Breaking the day’s work into manageable sprints, having a sprint board, hourly standups, retros, and a clear investment in backlog grooming — all help. In fact, this year I introduced a new concept to our Operation Overnight team: the Minimum Viable Product (MVP). What’s an MVP? Kenneth S. Rubin, noted Scrum theorist and author, introduces it this way:
[…] We focus each release on a small set of minimum releasable features (MRFs) around which the stakeholder community shares a strong group consensus. MRFs represent the smallest set of “must-have” features–the features that simply have to be in the release if we are to meet customer value and quality expectations. Some people refer to this set of features as the minimum viable product (MVP) (Rubin, Essential Scrum, 295.)
Though MVP not a new construct in the Scrum framework (or in Lean), for many on our team it at first had the feel of the strange and unfamiliar. Over the course of the event, however, it wound up being a tremendous benefit. Here’s why…
MVPs focus conversations on what we need to do, not what we could do
In order to minimize risk and avoid building things that aren’t strictly necessary, it’s important that the question, “What’s the absolute minimum set of features that we need to deliver in order to delight the client?” is revisited throughout the event. Every feature, every idea, and every bit of work needs to be framed against this simple question.

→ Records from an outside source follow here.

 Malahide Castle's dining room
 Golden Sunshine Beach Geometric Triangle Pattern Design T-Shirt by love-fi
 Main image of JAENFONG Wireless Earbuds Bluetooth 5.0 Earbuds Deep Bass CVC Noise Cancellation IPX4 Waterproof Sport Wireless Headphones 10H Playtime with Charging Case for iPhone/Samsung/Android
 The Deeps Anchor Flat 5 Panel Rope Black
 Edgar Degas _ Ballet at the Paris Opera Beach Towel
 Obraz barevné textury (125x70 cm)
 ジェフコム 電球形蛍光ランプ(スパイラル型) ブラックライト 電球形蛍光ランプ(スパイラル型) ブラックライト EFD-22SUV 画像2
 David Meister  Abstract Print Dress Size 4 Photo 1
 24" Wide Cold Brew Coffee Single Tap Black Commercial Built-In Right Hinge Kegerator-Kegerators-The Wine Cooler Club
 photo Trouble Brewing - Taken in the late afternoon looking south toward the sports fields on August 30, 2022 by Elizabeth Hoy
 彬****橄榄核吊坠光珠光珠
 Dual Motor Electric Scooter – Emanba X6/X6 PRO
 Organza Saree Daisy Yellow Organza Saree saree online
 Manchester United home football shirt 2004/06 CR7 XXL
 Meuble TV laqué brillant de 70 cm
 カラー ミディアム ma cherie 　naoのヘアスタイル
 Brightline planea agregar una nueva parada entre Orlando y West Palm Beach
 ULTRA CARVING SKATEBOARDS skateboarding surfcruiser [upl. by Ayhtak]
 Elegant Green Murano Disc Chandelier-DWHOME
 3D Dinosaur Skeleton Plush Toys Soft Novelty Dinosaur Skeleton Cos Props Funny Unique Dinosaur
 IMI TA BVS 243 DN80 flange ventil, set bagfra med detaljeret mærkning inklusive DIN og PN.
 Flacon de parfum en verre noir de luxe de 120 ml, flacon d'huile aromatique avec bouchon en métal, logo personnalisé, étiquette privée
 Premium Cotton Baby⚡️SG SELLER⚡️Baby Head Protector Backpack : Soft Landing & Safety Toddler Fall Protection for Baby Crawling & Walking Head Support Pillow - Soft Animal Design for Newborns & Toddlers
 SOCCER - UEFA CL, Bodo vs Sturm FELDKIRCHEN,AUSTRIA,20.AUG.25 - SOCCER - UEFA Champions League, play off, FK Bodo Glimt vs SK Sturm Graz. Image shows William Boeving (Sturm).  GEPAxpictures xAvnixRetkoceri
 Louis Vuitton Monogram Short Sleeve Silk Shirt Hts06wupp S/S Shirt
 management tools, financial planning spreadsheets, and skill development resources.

Since we were fortunate enough to have the client embedded in our team, we didn’t have to wait for answers. This helped us quickly split stories into their must-have components and collect them in the MVP #1 space of our backlog.
Having a clearly defined MVP #1 area of the backlog was helpful in its own right, as it served as a visual aid for the concept of “the smallest set of ‘must-have’ features.”
How stories flowed across the scrum board
Like most Scrum boards, we still had a product backlog. We just added areas to capture a couple MVPs (MVP #1 and MVP #2). Stories that were not part of MVP #1 were placed in either MVP #2 or the backlog. MVPs and the larger backlog were prioritized as you would expect, and stories further out had less definition than those nearer.
The diagram below helps illustrate the organization of our Scrum board and how stories flowed through it:

Conceptual layout of MVP Scrum board. See it in action!
During sprint planning, the team committed to stories pulled almost exclusively from MVP #1. Very rarely did someone try to pull a card from MVP #2, or from the backlog. If they did, it was a natural and obvious prompt for a conversation.
MVPs help avoid the development death-march approach
One of the temptations of a project like this is to just create one massive product backlog, prioritize it, and run a development death-march until the clock runs out. Even if the work is broken out into sprints, this approach can invite more risk than I’m comfortable with. In addition, it can make the work feel more like a siege than a dance.
Furthermore, this approach leaves more room for people to pull cards based on preference, regardless of priority. By contrast, an MVP approach lets us quickly decide “Is this in the release or not?” If the answer is “It is not,” the natural follow-up is, “Why are we working on it?”
The MVP saved us
At the end of the day, using MVPs turned out to be more than a mere curious exercise in Scrum methodology. In fact, the approach ended up saving our keister. Here’s why…
It turns out that once we pushed our first MVP (MVP #1) to the live website, the site’s hosting provider kindly blocked all access from our location’s IP address. This meant we had just gone live with a new website that was visible to everyone in the world…
Except for us.
Since this “security feature” at the hosting provider blocked our team from accessing our site, our first push ended up being our last.
Because it was an MVP and the scope was continually negotiated and defined with the client throughout the event, she not only knew precisely what she was getting, but she had a website that delighted and contained precisely the features she wanted.
“I can’t stop looking at our site,” she said. “It is beautiful.”